Authorities say these record fuel prices have resulted in brazen diesel rustling from trucks and tanks in many rural areas of the state -- especially unguarded farms in the Central Valley.

Other kinds of fuel thefts are increasing. Many people are rushing to buy locking gas caps after reports that motorists were siphoning gasoline from neighbors’ cars.

Automotive chains such as Pep Boys and AutoZone report that motorists are shunning conventional, screw-on gas caps that cost about $7 for caps that require a key and cost twice as much. The safety cap harks to the 1970s, when gas shortages made the device a fixture on many cars.

“There has been a discernibly higher shift in sales, and it’s nationwide,” said Bill Furtkevic, an assistant vice president at Pep Boys.

At gas stations in other parts of the country, where it is common for motorists to pump first and pay after, the number of customers who drive off without paying is soaring too, according to a recent report by the National Assn. of Convenience Stores. Some gas stations near freeways are reporting monthly losses of as much as $1,500, the report said.

“There has been an incredible increase in the number of retailers who are throwing up their hands and saying, ‘That’s it, we are going to require prepay until we can figure out another way,’ ” said Jeff Lenard, a spokesman for the trade association.

Authorities say the gasoline thieves include amateurs, who risk hefty fines and the suspension of their driver’s licenses for fleeing after filling their tanks. Others belong to sophisticated rings that operate tanker trucks and pump fuel directly out of underground storage tanks at gas stations, according to a spokesman for the Miami-Dade County Police Department, which said it had busted a ring involving about 55 suspects.

As for the theft of diesel fuel in California, most has occurred in eight farming counties: Fresno, Kern, Kings, Madera, Merced, San Joaquin, Stanislaus and Tulare.

“We really have noticed a big jump,” said Dave Kranz, a spokesman for the California Farm Bureau.

Last year, thieves stole a record 80,000 gallons of diesel fuel from the state’s farmers. This year, they are on pace to break that record.

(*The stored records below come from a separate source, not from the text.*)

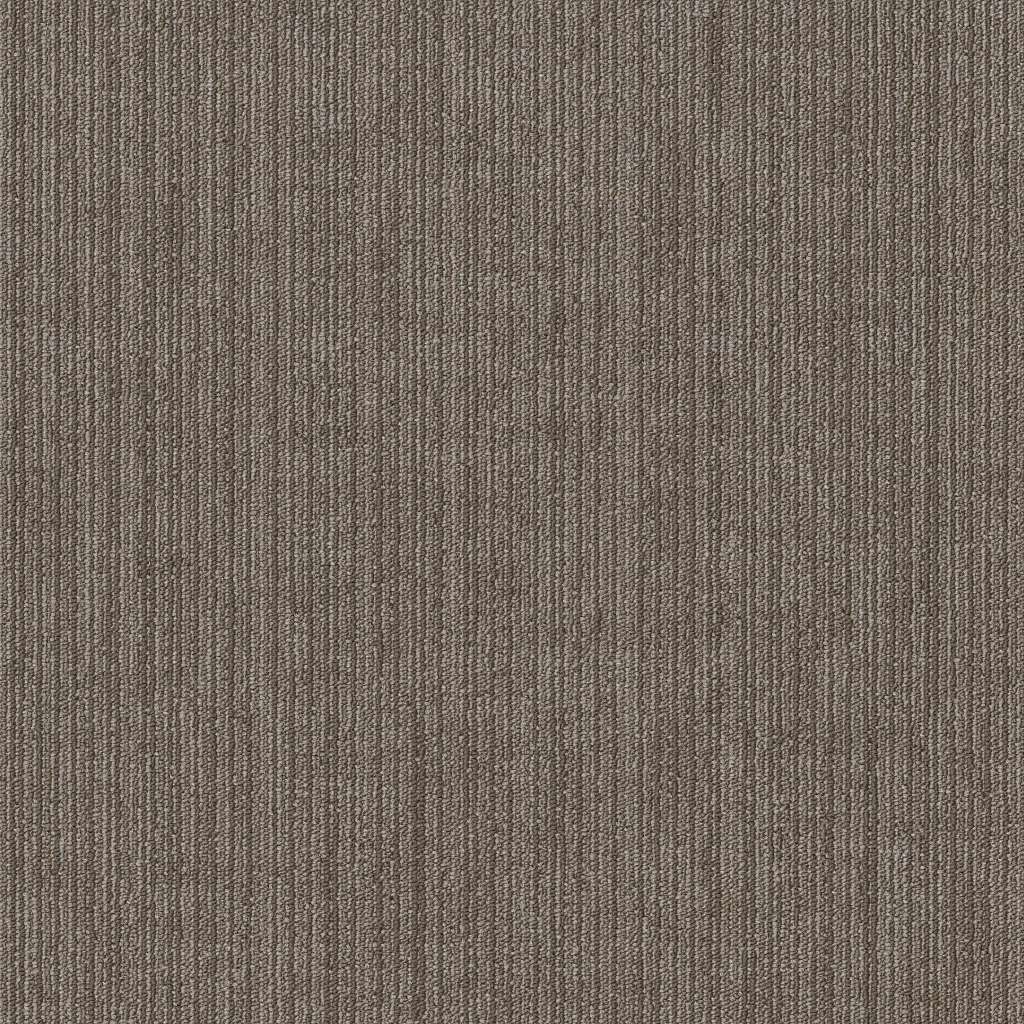 Shaw Native 54963-00100 Prime 24" X 24" Carpet Tile
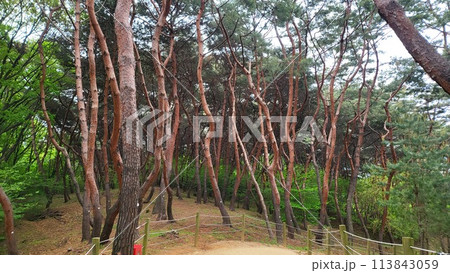 Royal tombs of Korea Royal tombs of Korea 113843059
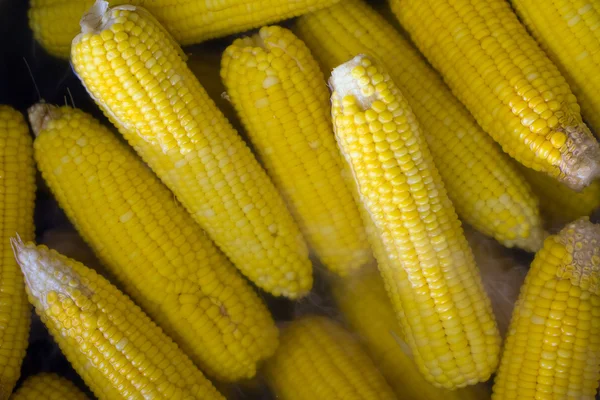 Kukurydza gotować w rondlu na rynku — Zdjęcie stockowe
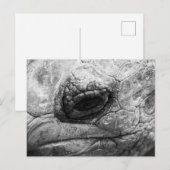 BW Tortoise Postkarte (Vorne/Hinten)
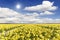 Yellow daffodil bulb field
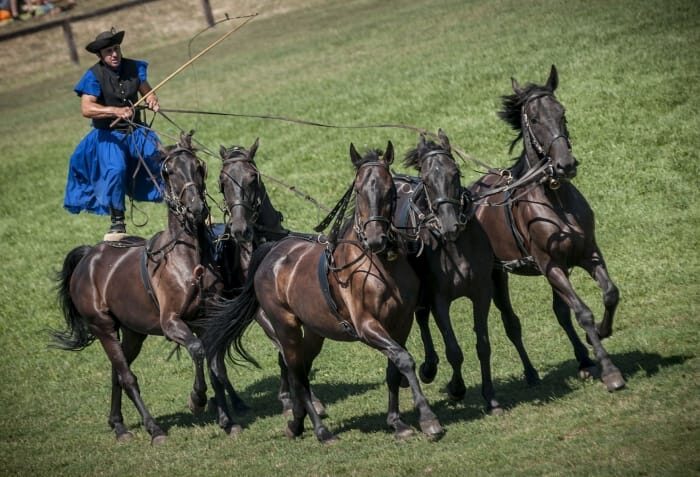 From Budapest: Puszta Horse Show and Countryside Visit - Why the Puszta Horse Show Tour is a smart Budapest escape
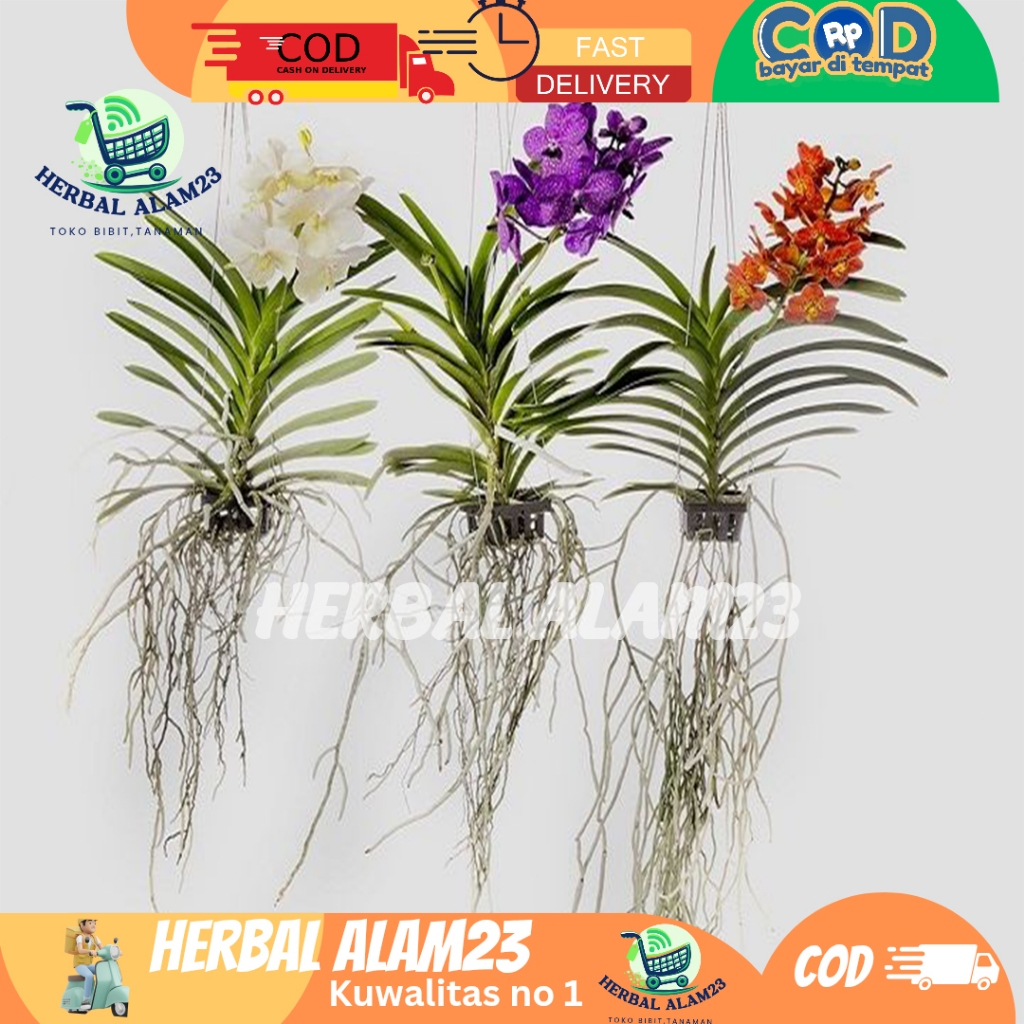 Paket 3 Anggrek Vanda dewasa siap berbunga/Anggrek vanda ungu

“Crooks are opportunists, and they are going to go where the dollar value return is great and where there is less risk. With these increases in fuel prices, that’s diesel,” said William Yoshimoto, supervising deputy district attorney for Tulare County and director of a rural crimes task force that tracks diesel theft.

Merced County Sheriff’s Det. Frank Swiggart said the thieves included people trying to cash in on high fuel prices -- and some desperate farmers.

“They can be shady farmers trying to heist enough to get them through the next day of production [or] parolees who have shown up at truck stops offering fuel from 55-gallon drums at half price,” Swiggart said. “We have a surveillance video of one guy using a cutting torch on a lock who set his shirt on fire trying to steal fuel to fill his own tank.”

But Swiggart said some thefts seemed to be the work of organized criminals who used stolen trucks to move large amounts of fuel.

“I think there are some rings operating out there and they are putting some of that fuel right back on the market,” said Swiggart, who added that authorities were trying to stake out likely theft targets. “You can steal fuel in Tulare County and be selling it in Sacramento in a couple of hours.”

Police say farmers are easy targets because their fuel storage tanks are often in unfenced fields miles from any neighbor.

“Well, the crops tend to be outside where they need to be,” quipped Russ Cauley, 52, a manager at the 2,200-acre Loneoak Farm near the Salinas Valley, who has been hit by diesel thieves three times in the last month. “You can’t fence and lock up everything.”

In the most recent theft, the rustlers ventured into Cauley’s front yard last week to siphon about 200 gallons of diesel out of the farm trucks.

“That’s pretty bold,” said Cauley, who added that the crime probably took place between 10 p.m. and 2 a.m. “We don’t know who is taking it. We’re not even really sure how many more times we might have been hit.”

Hunter, the Merced almond grower, said he believed he had done all he could when he set up locks and a concrete structure around his tanks.

“I can’t live out here. I can’t have someone out here 24 hours a day,” Hunter said. “How do I stop this?”

Investigators say diesel fuel thefts are underreported because farmers often don’t know that thieves have struck until the fuel in a storage tank runs out a lot sooner than expected.

“You might not know that you’ve had something stolen from you until days or weeks after the fact,” said state Sen. Jeff Denham (R-Salinas), who sponsored legislation in Sacramento that brought more rural-crime-fighting resources to his district.

To combat the theft problem, Denham and investigators such as Merced County’s Swiggart are urging farmers to drain their remote storage tanks and put their fuel in mobile tanks that can be moved to a safer place at night.

For farmers, who already complain of tight profit margins, the costs go beyond the replacement of hundreds or even thousands of dollars’ worth of fuel. As they continue to report the thefts, their insurance premiums have been rising.

There is also the cost of security measures such as locks, fences and lights as well as the replacement of damaged fuel tanks. Some farmers also have hired more hands to keep watch over their fields at night.

“We’ve probably spent $20,000 on added security,” Hunter said.

Cauley said his farm had gone into “lockdown mode.” He is emptying his remote storage tanks and adding locks and chains. And Cauley has hired a night watchman he hopes he can trust.

“Otherwise, he’s going to be out there at night running a fuel depot from my farm.”